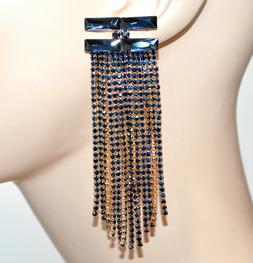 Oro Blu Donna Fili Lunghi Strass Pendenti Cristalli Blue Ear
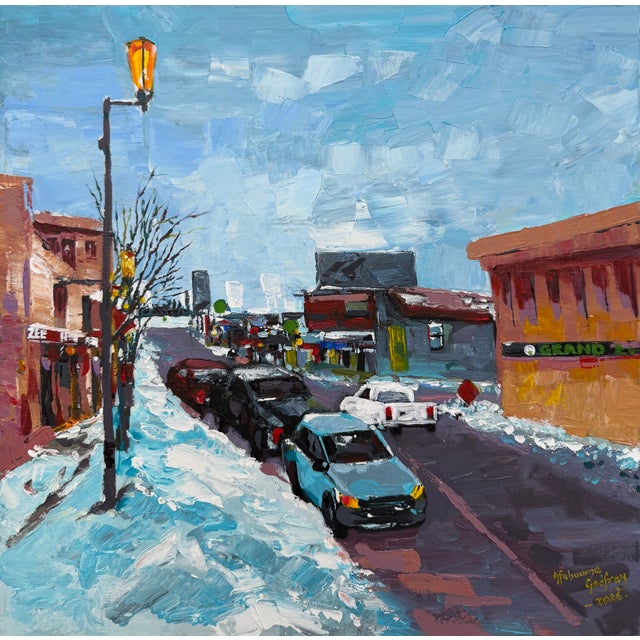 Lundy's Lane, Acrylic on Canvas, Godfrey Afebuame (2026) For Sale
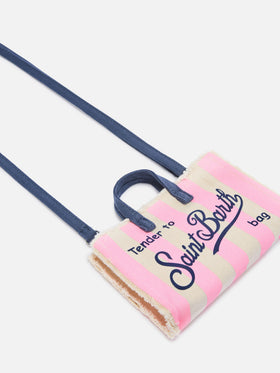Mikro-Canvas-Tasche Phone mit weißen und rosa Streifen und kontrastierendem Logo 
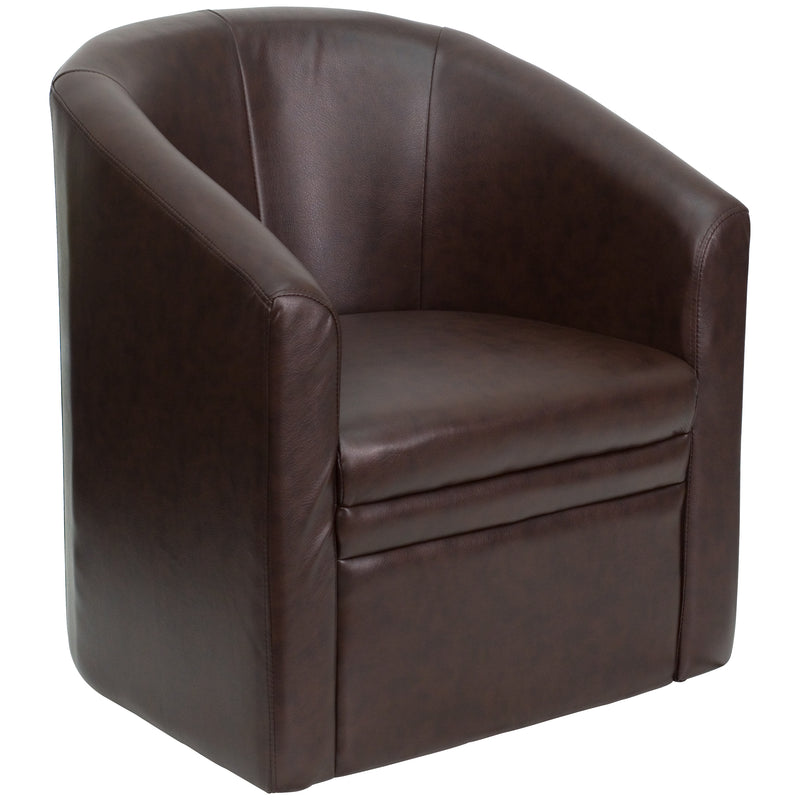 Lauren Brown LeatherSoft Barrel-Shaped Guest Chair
..........
# [TASK REQUIREMENTS]
Quote, please, only the lines running from the one with "Mikro-Canvas-Tasche Phone mit" down to the final line of the data above, keeping both ends and skipping the pictures.

# [EXERCISE ANSWER]
Mikro-Canvas-Tasche Phone mit weißen und rosa Streifen und kontrastierendem Logo 
 Lauren Brown LeatherSoft Barrel-Shaped Guest Chair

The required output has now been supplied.